4

$f(x) = \prod_{i=1}^n x_i^{\alpha_i}$

$x_i \geq 0, \alpha_i \geq 0, \sum_{i=1}^n \alpha_i = 1$

Prove that $f(x)$ is concave.

I tried to calculate $\nabla^2f(x)$ of the function and show that it is negative semi-defined. Let $\alpha = [\alpha_1, \dots, \alpha_n]$, $x = [x_1, \dots, x_n]$.

$$ \nabla f(x) = f(x)\frac{\alpha}{x}, \text{where} \frac{\alpha}{x} \text{ is a vector with element-wise divison}$$

$$ \nabla^2 f(x) = f(x) \left( \left(\frac{\alpha}{x} \right) \left( \frac{\alpha}{x} \right)^T - diag(\frac{\alpha}{x^2}) \right), \text{where } diag(x) \text{ is diagonal matrix with vector } x \text{ on its diagonal}$$

How to show that this hessian is negative semi-defined? Or maybe there is other more simple way to prove that $f(x)$ is concave

  • A good way to show that something is positive or negative (semi) definite is https://en.wikipedia.org/wiki/Sylvester%27s_criterion.
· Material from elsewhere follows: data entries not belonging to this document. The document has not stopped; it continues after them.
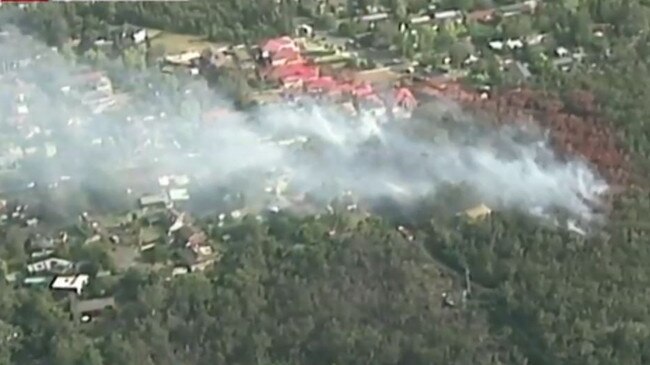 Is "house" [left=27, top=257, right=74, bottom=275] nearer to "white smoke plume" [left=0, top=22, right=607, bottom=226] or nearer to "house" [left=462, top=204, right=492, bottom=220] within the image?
"white smoke plume" [left=0, top=22, right=607, bottom=226]

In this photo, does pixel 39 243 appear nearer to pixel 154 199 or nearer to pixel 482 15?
pixel 154 199

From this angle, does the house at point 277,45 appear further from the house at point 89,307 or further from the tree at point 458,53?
the house at point 89,307

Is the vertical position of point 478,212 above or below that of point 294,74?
below

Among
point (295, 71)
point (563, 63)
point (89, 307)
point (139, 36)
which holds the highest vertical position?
point (139, 36)

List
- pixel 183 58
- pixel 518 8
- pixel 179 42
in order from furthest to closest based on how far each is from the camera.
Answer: pixel 518 8 < pixel 179 42 < pixel 183 58

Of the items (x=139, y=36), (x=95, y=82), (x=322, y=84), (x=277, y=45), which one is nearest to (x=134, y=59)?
(x=95, y=82)

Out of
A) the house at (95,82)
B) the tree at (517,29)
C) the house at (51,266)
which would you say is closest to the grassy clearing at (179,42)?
the house at (95,82)

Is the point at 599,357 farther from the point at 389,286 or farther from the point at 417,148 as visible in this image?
the point at 417,148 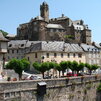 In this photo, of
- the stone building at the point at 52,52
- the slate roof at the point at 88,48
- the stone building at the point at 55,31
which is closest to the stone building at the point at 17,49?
the stone building at the point at 52,52

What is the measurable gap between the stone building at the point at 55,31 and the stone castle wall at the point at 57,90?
55195mm

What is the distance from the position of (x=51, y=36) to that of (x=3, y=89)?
68984 mm

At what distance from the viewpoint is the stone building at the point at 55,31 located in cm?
8862

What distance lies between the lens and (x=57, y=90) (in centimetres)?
2644

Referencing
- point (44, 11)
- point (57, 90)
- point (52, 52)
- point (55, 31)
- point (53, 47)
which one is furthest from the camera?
point (44, 11)

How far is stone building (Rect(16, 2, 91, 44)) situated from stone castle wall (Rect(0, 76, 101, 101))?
55.2m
I imagine you could get what you need here with an inductive argument. – Aaron Aug 21 '22 at 02:16

3 Answers3

3

It is equivalent to showing that $y^T (\begin{bmatrix} {\alpha_1 \over x_1} \\ \vdots \\{\alpha_n \over x_n} \end{bmatrix} \begin{bmatrix} {\alpha_1 \over x_1} & \cdots &{\alpha_n \over x_n} \end{bmatrix} - \operatorname{diag} ( {\alpha_1 \over x_1^2} \cdots {\alpha_n \over x_n^2}))y \le 0$ for all $y$, or $(\sum_k {\alpha_k \over x_k}y_k)^2 \le \sum_k {\alpha_k \over x_k^2}y_k^2$.

Cauchy Schwartz gives $(\sum_k {\alpha_k \over x_k}y_k)^2 = (\sum_k {\alpha_k \over x_k\sqrt{\alpha_k}}y_k \cdot \sqrt{\alpha_k})^2 \le (\sum_k {\alpha_k \over x_k^2}y_k^2) (\sum_k \alpha_k)= \sum_k {\alpha_k \over x_k^2}y_k^2$, as desired.

copper.hat
  • 178,207
1

Instead of computing the Hessian, we can use directly the definition and show that $\lambda f(x) + (1 - \lambda)f(y) \le f(\lambda x + (1 - \lambda)y)$ whenever $x > 0, y > 0$ and $\lambda\in(0,1)$.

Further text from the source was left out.